On 18/11/12 12:36, Sumana Harihareswara wrote:
The Internet Archive wants to particularly make sure to archive pages that Wikipedians use as citations. A GSoC project last year got most of the way to that goal but never quite finished making the feed of new links for use by the Archive. Would anyone else like to take this up?
More information:
https://www.mediawiki.org/wiki/User:Kevin_Brown/ArchiveLinks
http://toolserver.org/~nn123645/toolserver-feed/cronscript.php (You could ask Kevin to make his Toolserver project a MMP or you could just write your own script.)
https://www.mediawiki.org/wiki/Extension:ArchiveLinks - would have to be moved into Git from Subversion.

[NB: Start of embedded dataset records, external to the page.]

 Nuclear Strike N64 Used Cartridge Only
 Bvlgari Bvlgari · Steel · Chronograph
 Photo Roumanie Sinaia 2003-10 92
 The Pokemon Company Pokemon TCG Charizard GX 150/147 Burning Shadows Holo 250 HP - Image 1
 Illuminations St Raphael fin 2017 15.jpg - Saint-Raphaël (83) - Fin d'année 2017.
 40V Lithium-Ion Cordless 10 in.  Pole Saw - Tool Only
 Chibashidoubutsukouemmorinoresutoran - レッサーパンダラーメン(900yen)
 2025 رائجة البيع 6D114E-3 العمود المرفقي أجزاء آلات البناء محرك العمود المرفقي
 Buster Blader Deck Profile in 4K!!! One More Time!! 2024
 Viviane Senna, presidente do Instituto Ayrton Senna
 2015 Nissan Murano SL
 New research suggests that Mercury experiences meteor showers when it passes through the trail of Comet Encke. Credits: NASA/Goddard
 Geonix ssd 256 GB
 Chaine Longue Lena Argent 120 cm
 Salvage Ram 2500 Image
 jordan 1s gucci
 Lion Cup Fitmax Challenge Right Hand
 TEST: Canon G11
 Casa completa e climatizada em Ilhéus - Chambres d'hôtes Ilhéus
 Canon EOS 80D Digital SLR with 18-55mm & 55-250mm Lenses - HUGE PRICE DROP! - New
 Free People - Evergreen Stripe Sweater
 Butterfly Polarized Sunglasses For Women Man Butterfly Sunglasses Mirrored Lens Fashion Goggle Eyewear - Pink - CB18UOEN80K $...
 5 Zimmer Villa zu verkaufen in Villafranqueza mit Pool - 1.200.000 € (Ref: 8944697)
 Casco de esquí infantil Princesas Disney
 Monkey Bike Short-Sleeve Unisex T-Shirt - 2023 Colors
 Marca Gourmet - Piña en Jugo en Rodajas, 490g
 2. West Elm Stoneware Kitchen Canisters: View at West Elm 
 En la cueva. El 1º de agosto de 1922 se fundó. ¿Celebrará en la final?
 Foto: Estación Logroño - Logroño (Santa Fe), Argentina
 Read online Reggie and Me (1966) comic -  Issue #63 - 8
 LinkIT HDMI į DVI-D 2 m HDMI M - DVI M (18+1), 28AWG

http://en.wikipedia.org/w/index.php?title=Wikipedia:Village_pump_(policy)&am...
- there is a real hunger for this!
Hi -- instead of the implementation suggested above, which seems to combine link discovery with its own archiving engine, how about just generating an RSS feed of external links present (or possibly just those newly inserted) in pages edited in the last (say) five minutes, for other entities such as the Internet Archive to consume?
This would only require soft state, would not require the WMF to fetch or store any external web content, with all of the related possible problems associated with web archiving (retries, security, copyright, legality...), and would not require the WMF to keep track of what resources had been archived: each external archive could do that for itself.
The guts of something like this could be written using only the http://www.mediawiki.org/wiki/API:Recentchanges and http://www.mediawiki.org/wiki/API:Exturlusage APIs.
It looks like Kevin's "cronscript" link above does something just like this already -- adapting its output to generate RSS, and caching its output to prevent massive CPU overhead on repeated calls, would surely be trivial.
Neil